INFORMATION: Begin
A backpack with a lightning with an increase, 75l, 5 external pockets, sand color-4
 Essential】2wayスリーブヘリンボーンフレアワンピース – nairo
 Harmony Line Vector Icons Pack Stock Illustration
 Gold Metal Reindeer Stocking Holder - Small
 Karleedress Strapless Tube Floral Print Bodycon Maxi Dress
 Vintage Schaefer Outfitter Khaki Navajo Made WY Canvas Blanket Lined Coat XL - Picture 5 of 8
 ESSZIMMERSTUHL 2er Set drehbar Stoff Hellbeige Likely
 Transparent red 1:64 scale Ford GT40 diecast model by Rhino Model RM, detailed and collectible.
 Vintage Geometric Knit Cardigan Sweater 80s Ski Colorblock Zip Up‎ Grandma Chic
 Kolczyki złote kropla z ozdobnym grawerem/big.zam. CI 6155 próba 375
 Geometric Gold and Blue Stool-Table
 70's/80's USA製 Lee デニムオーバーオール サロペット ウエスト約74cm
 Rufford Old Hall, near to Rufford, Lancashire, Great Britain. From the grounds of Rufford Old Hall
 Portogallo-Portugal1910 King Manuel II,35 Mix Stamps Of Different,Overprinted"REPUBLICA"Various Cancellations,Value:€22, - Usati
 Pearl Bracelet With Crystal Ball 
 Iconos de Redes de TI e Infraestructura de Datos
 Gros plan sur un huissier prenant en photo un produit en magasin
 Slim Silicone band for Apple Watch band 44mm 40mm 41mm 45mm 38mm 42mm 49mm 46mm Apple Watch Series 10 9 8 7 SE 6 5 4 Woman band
INFORMATION: End
[EXERCISE GOAL]
From the line containing "Pearl Bracelet With Crystal Ball" down to the last line of the material, each line is to be retyped exactly; no other lines belong in the answer.

[WRITTEN RESPONSE]
 Pearl Bracelet With Crystal Ball 
 Iconos de Redes de TI e Infraestructura de Datos
 Gros plan sur un huissier prenant en photo un produit en magasin
 Slim Silicone band for Apple Watch band 44mm 40mm 41mm 45mm 38mm 42mm 49mm 46mm Apple Watch Series 10 9 8 7 SE 6 5 4 Woman band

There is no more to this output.